Hyperleukocytosis leading to end-organ dysfunction is far more common in AML than in ALL. Although the TLC may typically be higher in ALL, patients with AML are more likely to have serious complications and organ dysfunction related to high TLC. In AML, 5%–29% of adults and a little higher percentage in children will present with WBC >50 × 10⁹/L.[11] In a large study by cancer and leukemia Group B on patients with AML, 29% of patients had TLC >50 × 10^9/ L and 12% had TLC >100 × 10^9/ L.[12]

Hyperleukocytosis is associated with adverse prognosis in APL, which is largely due to severe coagulopathy in these patients. In hyperleukocytosis, leukopheresis is not recommended routinely[13] but may be used as a last choice in APL since it may deteriorate the associated coagulopathy.[13] Hyperleukocytosis is frequently seen in ALL even though clinical leukostasis is uncommon. High TLC is a clear adverse prognostic factor for overall survival in both pediatric and adult ALL patients. Similarly, its presence is related to adverse survival outcome in AML as well, especially if the leukocytes count is very high.[14] The fundamental pathophysiology of leukostasis was described initially in autopsy studies where patients with hyperleukocytosis were noted to have organ infiltration by leukemic cells, commonly in the lungs and brain.[15] Leukostasis in acute leukemia primarily complicates the pulmonary and central nervous system circulation and is associated with increased early mortality of both adults and children with the disease.[1415] Renal vein is an uncommon site for thrombosis in AML, and consequently, there is a lack of literature on its management.[2] The present case of AML (FAB-M1) with hyperleukocytosis was complicated by the presence of thrombocytopenia. In the absence of thrombocytopenia, the treatment of such thrombi is started with standard anticoagulation with UFH/LMWH. The optimum anticoagulation in patients with hematological malignancies and thrombocytopenia is debatable, with studies favoring[16] as well as against[17] the use of LMWH. UFH has the advantage that it can be reversed easily unlike LMWH, but it has to be used with caution due to the risk of heparin-induced thrombocytopenia.

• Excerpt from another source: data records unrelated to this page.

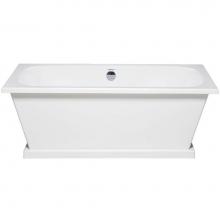 Americh LK6636T-WH - Locklyn 6636 - Tub Only - White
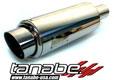 Tanabe Tuner Medallion Racing Muffler 301 on Sale at UpgradeMotoring.com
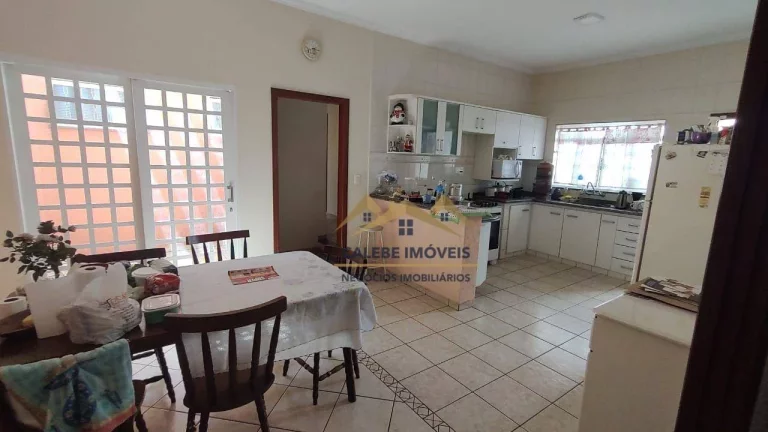 Imagem Casa com 4 dormitórios à venda, 188 m² por R$ 900.000,00 - Loteamento Modena - Tatuí/SP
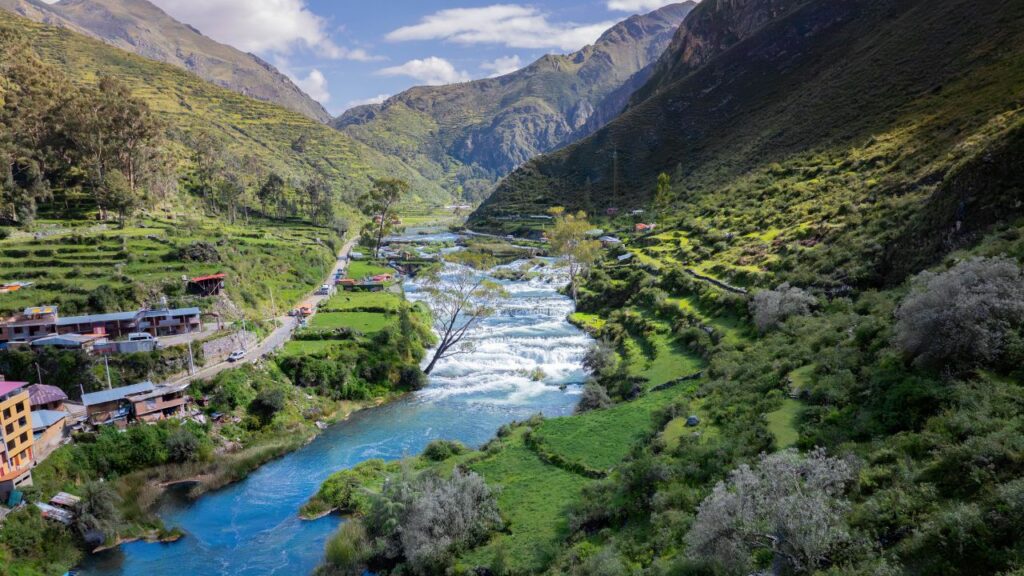 tour Huancaya 2 dias desde Lima get in peru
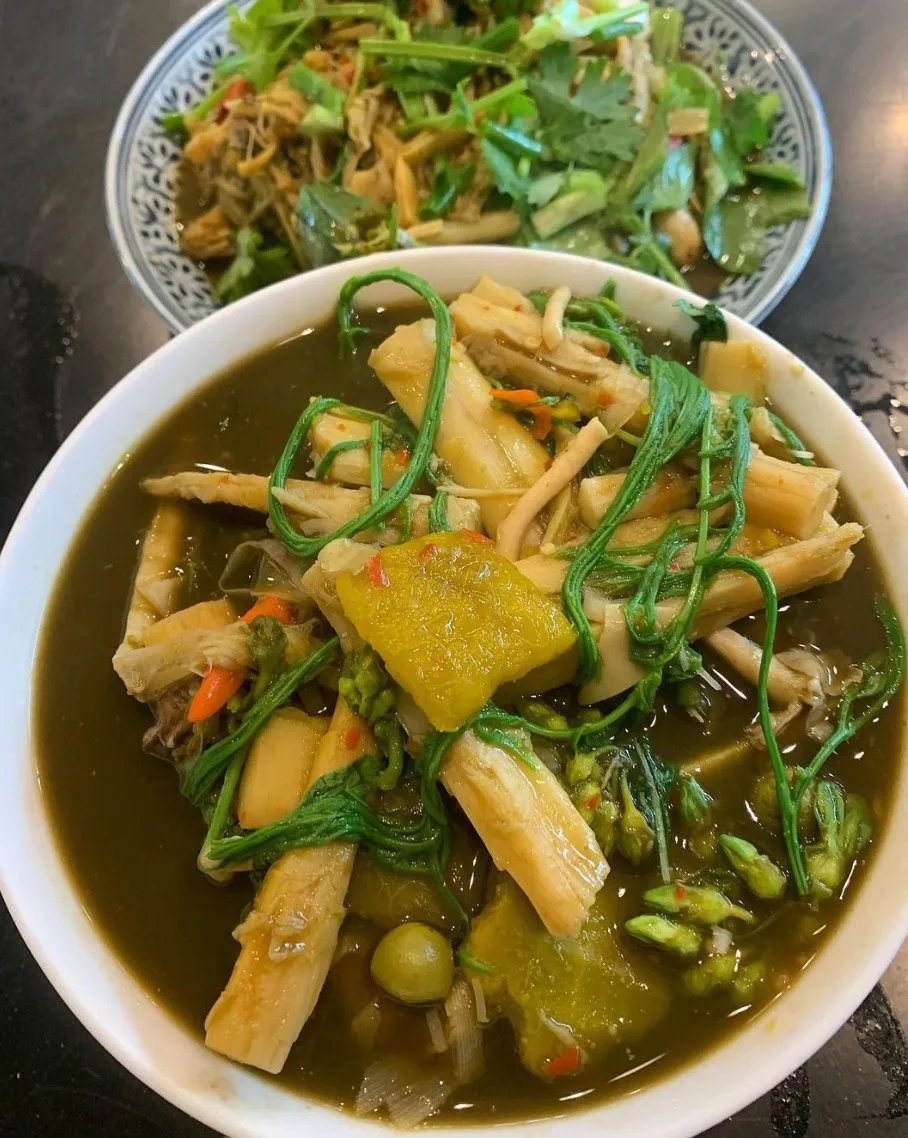 Boiled Bamboo Shoot 500 G from Thailand Ready to Eat with Your Meal Recommended Product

The decision for surgery in this case was itself a tough call as the patient had high-grade fever and a nonfunctioning, infected left kidney with a renal vein and IVC thrombus in the presence of thrombocytopenia. Looking retrospectively, it seems that early postoperative heparinization could have been beneficial in our patient, but persistent thrombocytopenia and consequent bleeding were a constant threat that had to be borne in mind, especially with surgical repair of IVC.